Web page caption snippets

◇ ◇ ◇ ◇ ◇

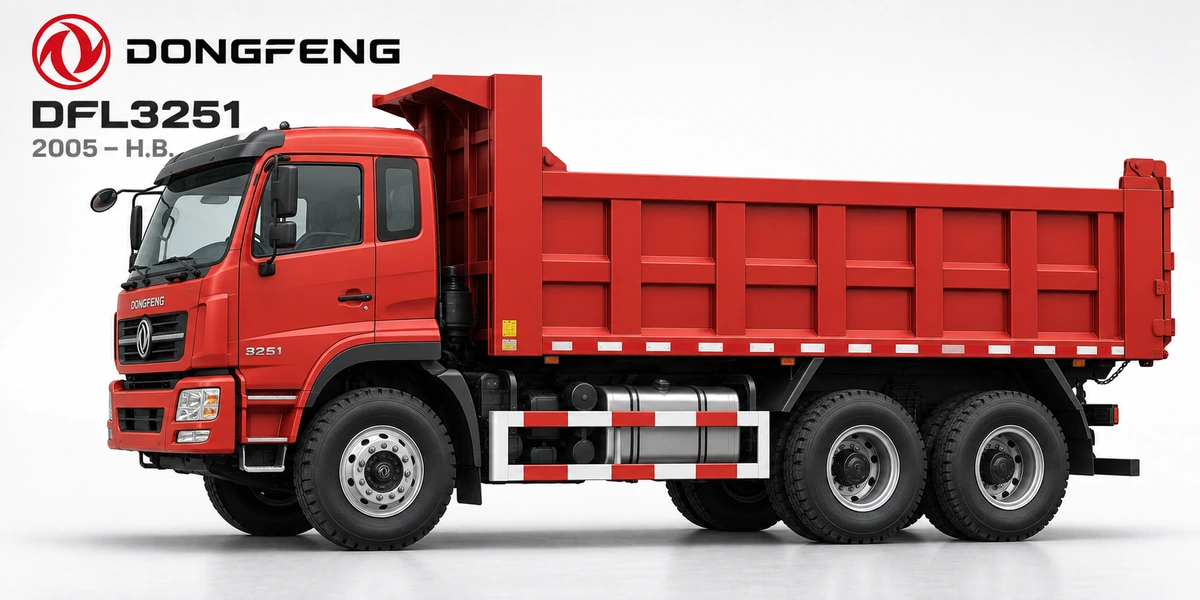 DongFeng DFL3251 2005–н.в.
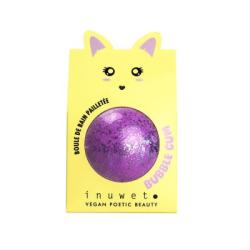 Boule de bain pailletée Bubble Gum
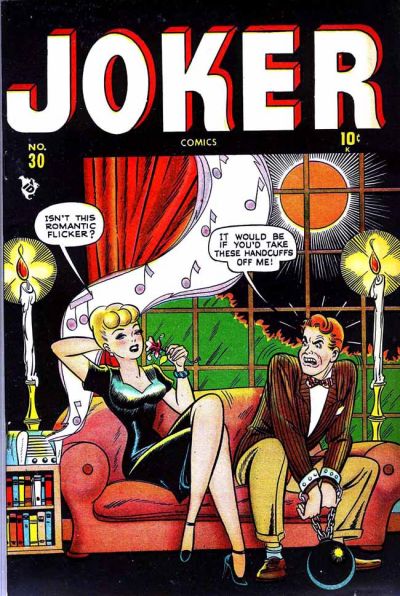 Cover of Joker Comics #30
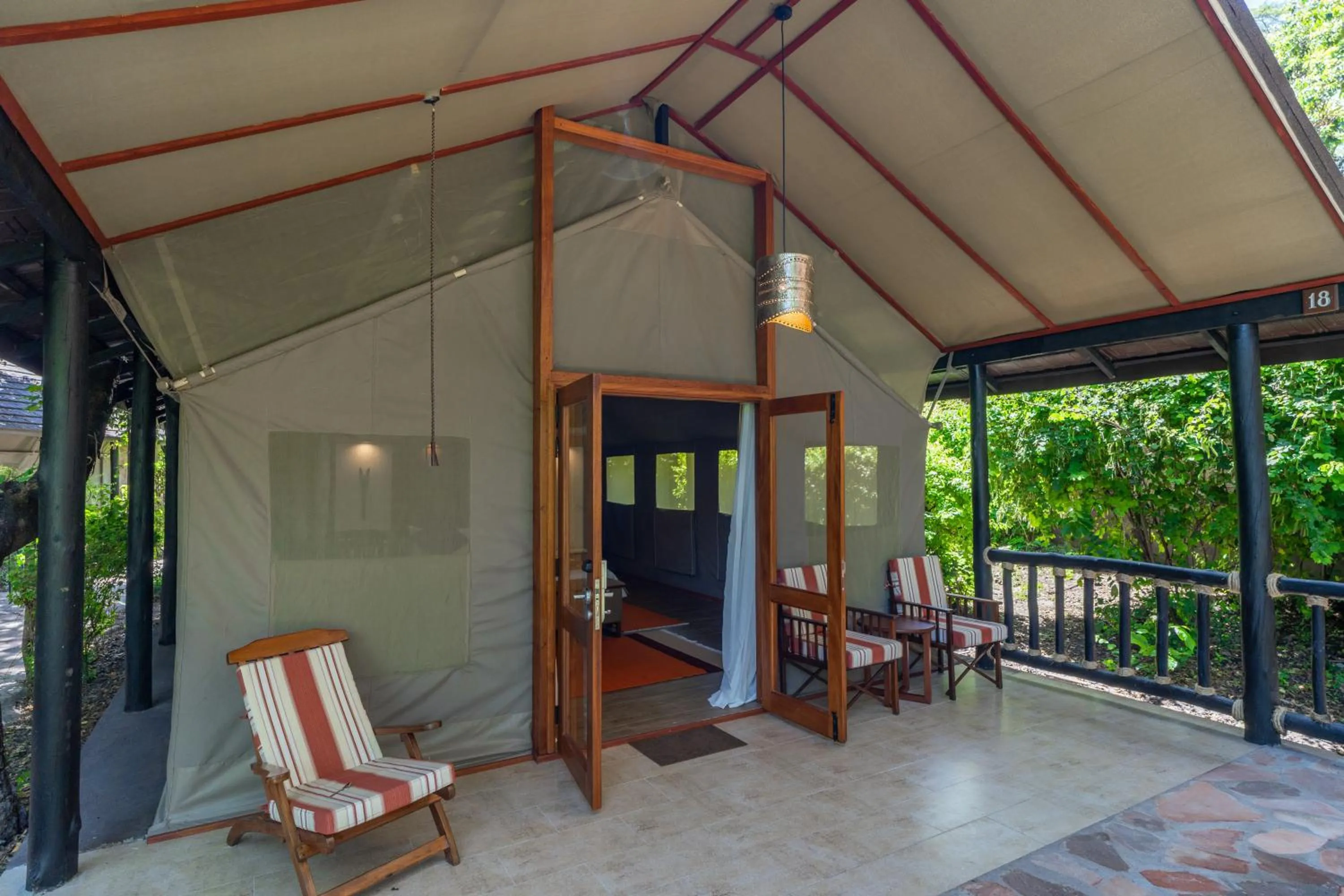 Day in Sarova Mara Game Camp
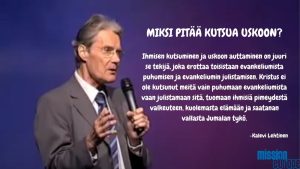 Read more about the article Miksi pitää kutsua uskoon?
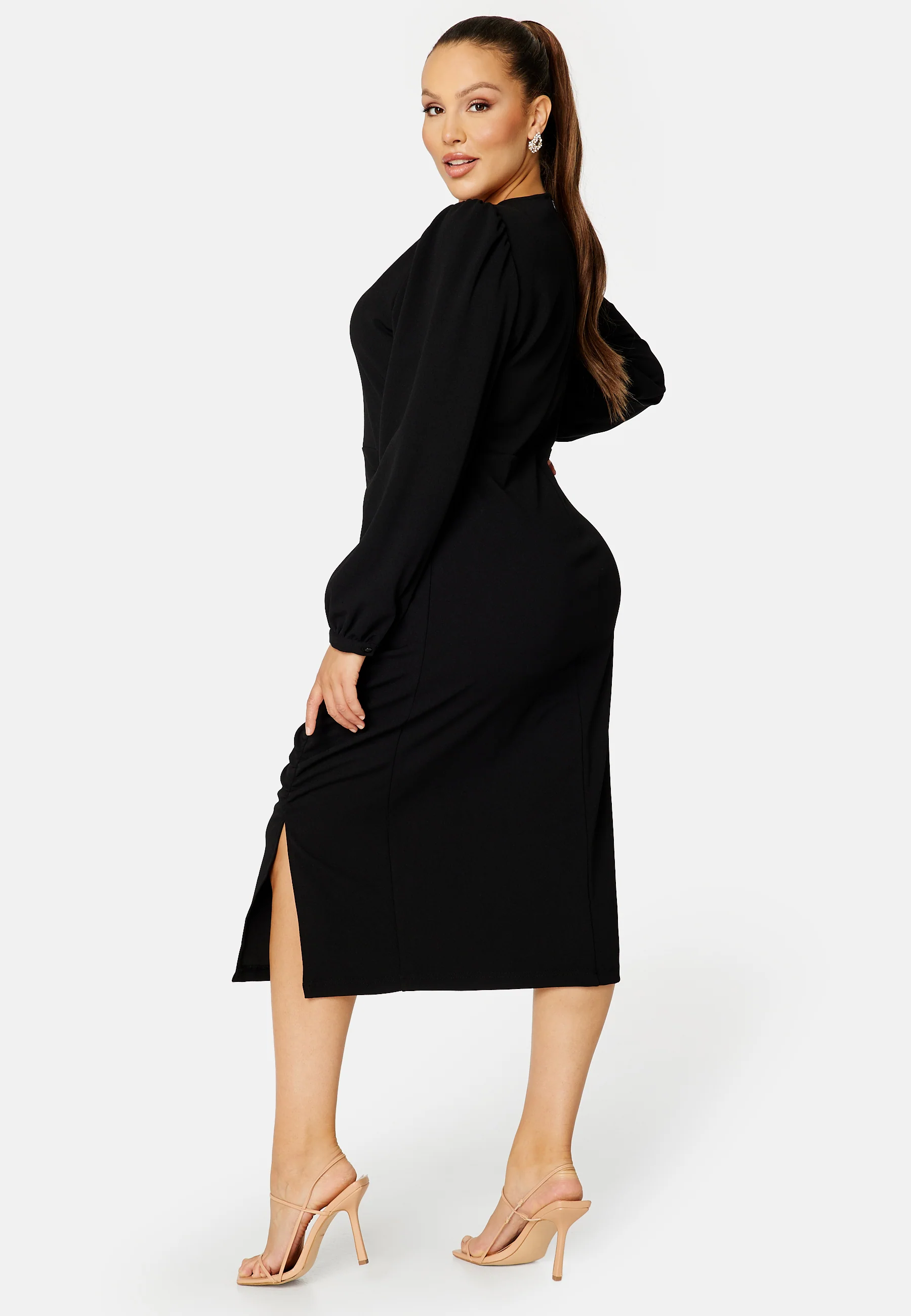 Vicky puff sleeve dress - Image 6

◇ ◇ ◇ ◇ ◇

A faithful copy of every record is required, with no pictures included.

-- FINISHED TASK --
 DongFeng DFL3251 2005–н.в.
 Boule de bain pailletée Bubble Gum
 Cover of Joker Comics #30
 Day in Sarova Mara Game Camp
 Read more about the article Miksi pitää kutsua uskoon?
 Vicky puff sleeve dress - Image 6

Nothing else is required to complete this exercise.